Table 1 The eight CMIP5 models used in the present study

The analysis of present-day climate is based on historical (1986–2005) simulations of the CMIP5 models as well as on the NCEP/NCAR reanalysis archive for the same period. The simulated future period is the last two decades of the twentyfirst century (2081–2100). The choice of time period follows the recommendation of the Fifth Assessment Report of the Intergovernmental Panel on Climate Change (IPCC 2013).

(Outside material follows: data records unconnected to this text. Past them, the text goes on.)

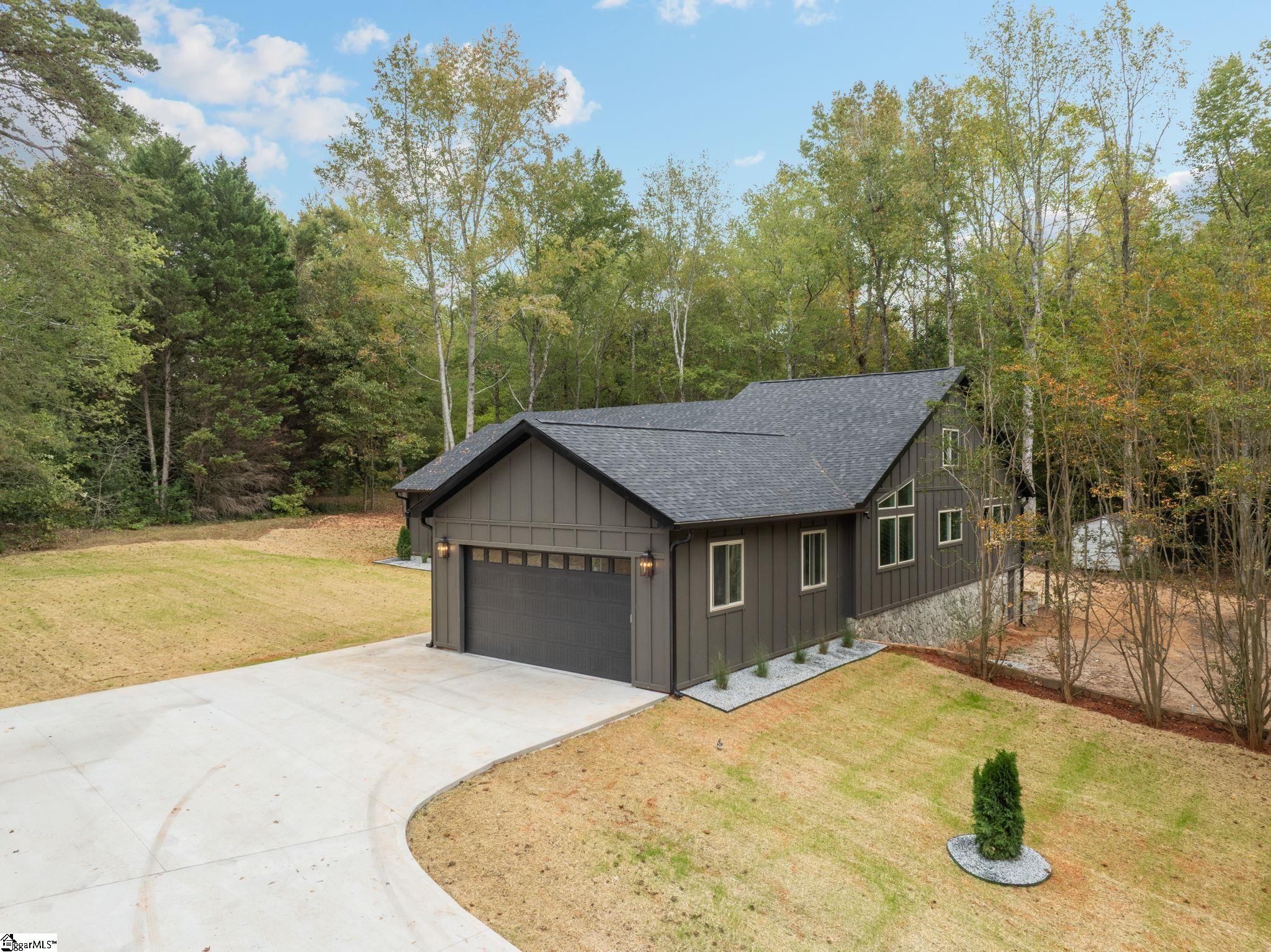 134 Country Lakes Road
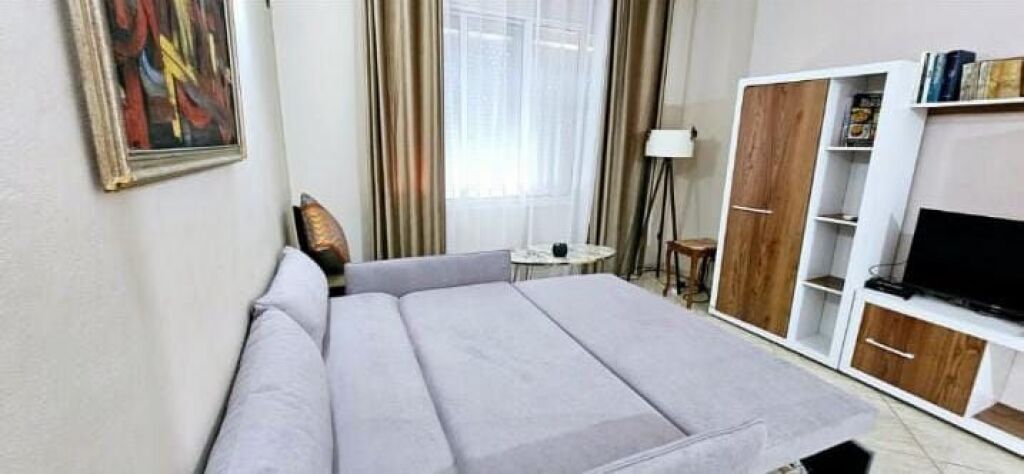 Jepet Apartament 1+1 me qera Tek Rruga Kavajes ne Hyrje te Bllokut te Ambasadave  ID 5311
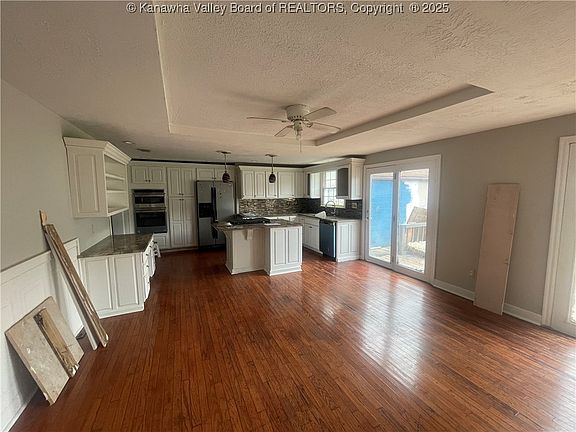3rd image of 6528 Maccorkle Ave SE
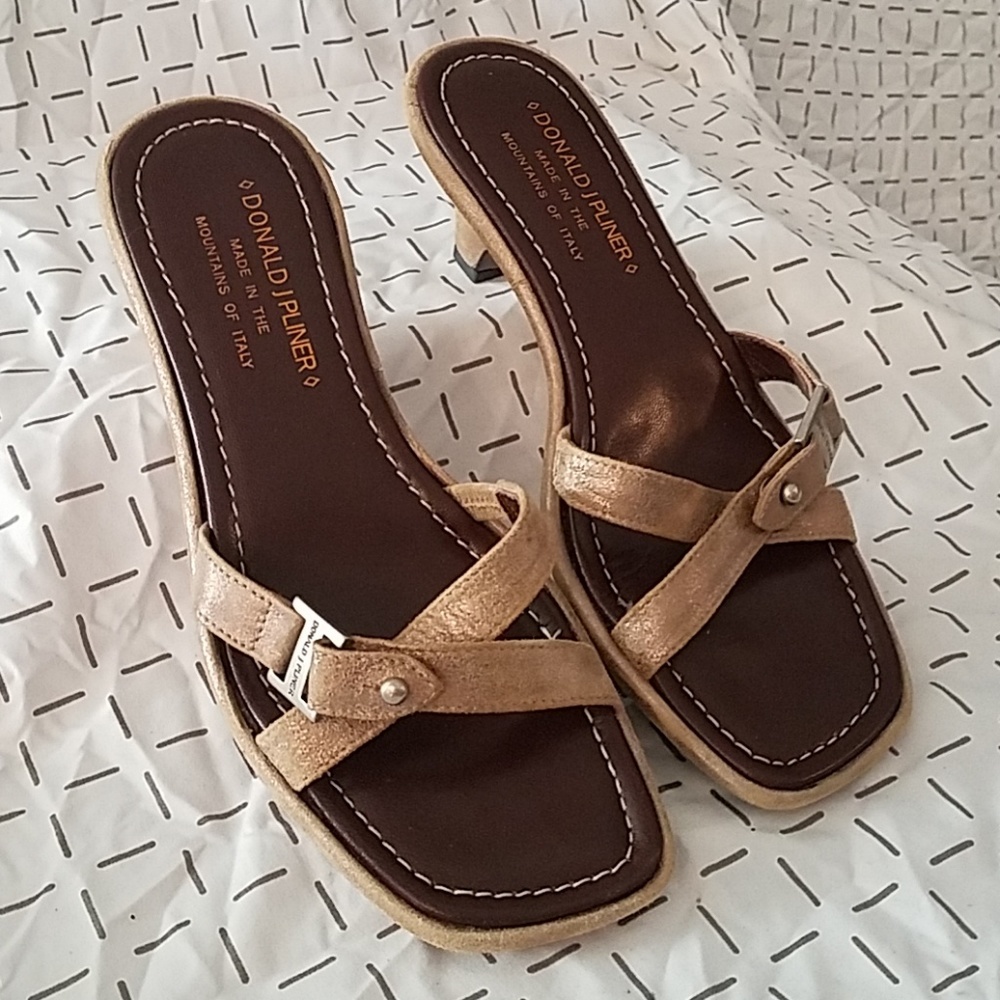 Donald J Pliner Gold Suede Kitten Heels Sz. 6.5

We consider the Representative Concentration Pathway of 8.5 W/m2 (RCP8.5) scenario, exhibiting a continuous increase in greenhouse gas concentrations throughout the twentyfirst century (Van-Vuuren et al. 2011).

The statistical downscaling algorithm for daily precipitation over Israel on days defined as a Cyprus Low is based on daily precipitation observations from a set of eighteen stations representing the primary groundwater basins of Israel, taken from the Israel Meteorological Service (IMS) database (https://ims.data.gov.il/he/ims/3; Table S1; Fig. 1b). The daily rainfall data from these stations provide a continuous long-term archive over 1991–2008, which has undergone a quality assurance procedure. This includes automated evaluation of each new data point with respect to its predecessor and cross-validation with neighboring stations, radar retrievals etc. In addition, each data point is compared to other meteorological variables and to the local climatology. For example precipitation cannot be measured when there is no cloud cover.

Fig. 1
figure 1

The study region. a Composite map of the mean sea-level pressure (hPa) on days defined as Cyprus Lows over the Eastern Mediterranean. The map is based on the NCEP/NCAR reanalysis for 1986–2005. Black circles denote grid points used for calculating the meridional pressure gradient. b The location of the eighteen rainfall stations on top of the topography (reproduced from Rostkier-Edelstein et al. 2016)

3 Methods

The changes in the mean properties and dynamics of Cyprus Lows are studied using a variety of approaches, which we detail below.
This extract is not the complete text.